A hydrothermal diamond anvil cell (HDAC) was used to heat natural H2O + CO2 + NaCl fluid inclusions in quartz. Heating in the HDAC allows external pressure (the fluid pressure on the host mineral) to be regulated so the total homogenization of the aqueous and carbonic phases at high temperature can be observed and recorded with minimal risk of decrepitation.
The total homogenization temperature, the CO2-clathrate melting temperature, and the homogenization temperature of the carbonic phase can be used precisely to calculate the pressure of total homogenization (on the solvus) and the corresponding isochore. The equation of state of Duan et al. (1995) was used to calculate the solvus pressure by an iterative technique of varying the mole fraction CO2 and the solvus pressure with a given total homogenization temperature and NaCl:H2O molar ratio. Bulk molar volume values of the calculated fluids were iterated into a mixing equation for the aqueous and carbonic phases at low temperature until the fluid compositions, predicted by both equations, were identical.

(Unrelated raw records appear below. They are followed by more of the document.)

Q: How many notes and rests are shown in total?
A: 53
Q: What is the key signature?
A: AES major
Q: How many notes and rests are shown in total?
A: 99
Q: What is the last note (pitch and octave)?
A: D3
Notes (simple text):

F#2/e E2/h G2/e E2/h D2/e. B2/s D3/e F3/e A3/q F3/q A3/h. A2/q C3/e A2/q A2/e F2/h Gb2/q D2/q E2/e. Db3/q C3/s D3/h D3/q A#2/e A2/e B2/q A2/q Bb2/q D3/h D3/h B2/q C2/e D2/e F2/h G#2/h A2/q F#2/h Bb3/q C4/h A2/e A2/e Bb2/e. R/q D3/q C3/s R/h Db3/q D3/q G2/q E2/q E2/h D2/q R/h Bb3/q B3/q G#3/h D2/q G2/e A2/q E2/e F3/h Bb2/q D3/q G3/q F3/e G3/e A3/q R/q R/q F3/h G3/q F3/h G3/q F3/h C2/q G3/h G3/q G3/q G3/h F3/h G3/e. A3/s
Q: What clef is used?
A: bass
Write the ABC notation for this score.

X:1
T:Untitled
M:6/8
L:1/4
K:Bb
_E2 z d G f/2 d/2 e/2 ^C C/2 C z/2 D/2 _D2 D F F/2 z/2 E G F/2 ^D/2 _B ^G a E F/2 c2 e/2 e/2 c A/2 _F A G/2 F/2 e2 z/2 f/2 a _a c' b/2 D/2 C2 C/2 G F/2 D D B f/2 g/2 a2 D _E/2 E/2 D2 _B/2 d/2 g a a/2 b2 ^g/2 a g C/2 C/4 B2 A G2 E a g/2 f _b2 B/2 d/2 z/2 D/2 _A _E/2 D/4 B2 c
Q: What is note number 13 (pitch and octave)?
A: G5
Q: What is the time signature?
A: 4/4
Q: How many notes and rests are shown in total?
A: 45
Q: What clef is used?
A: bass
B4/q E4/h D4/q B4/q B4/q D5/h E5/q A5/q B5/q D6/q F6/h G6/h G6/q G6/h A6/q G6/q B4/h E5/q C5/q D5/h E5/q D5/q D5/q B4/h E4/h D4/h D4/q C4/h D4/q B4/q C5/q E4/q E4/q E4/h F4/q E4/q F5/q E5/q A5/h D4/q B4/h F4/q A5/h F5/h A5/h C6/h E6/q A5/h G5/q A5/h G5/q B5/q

Quartz samples from the Adirondack Mountains, New York, were used in the heating experiments. Seven H2O + CO2 + NaCl fluid inclusions from post-metamorphic, hydrothermal cavities near Moose River yielded homogenization temperatures of 185–232 °C and homogenization pressures of 863 to 1870 bars. Two H2O + CO2 + NaCl fluid inclusions from a drill core at the Willsboro wollastonite mine yielded homogenization temperatures of 310 °C and 324 °C and homogenization pressures of 3893 and 5333 bars, respectively. These inclusions are interpreted to have formed along a retrograde path characterized by early isobaric cooling and later isothermal decompression following Ottawan-age metamorphism.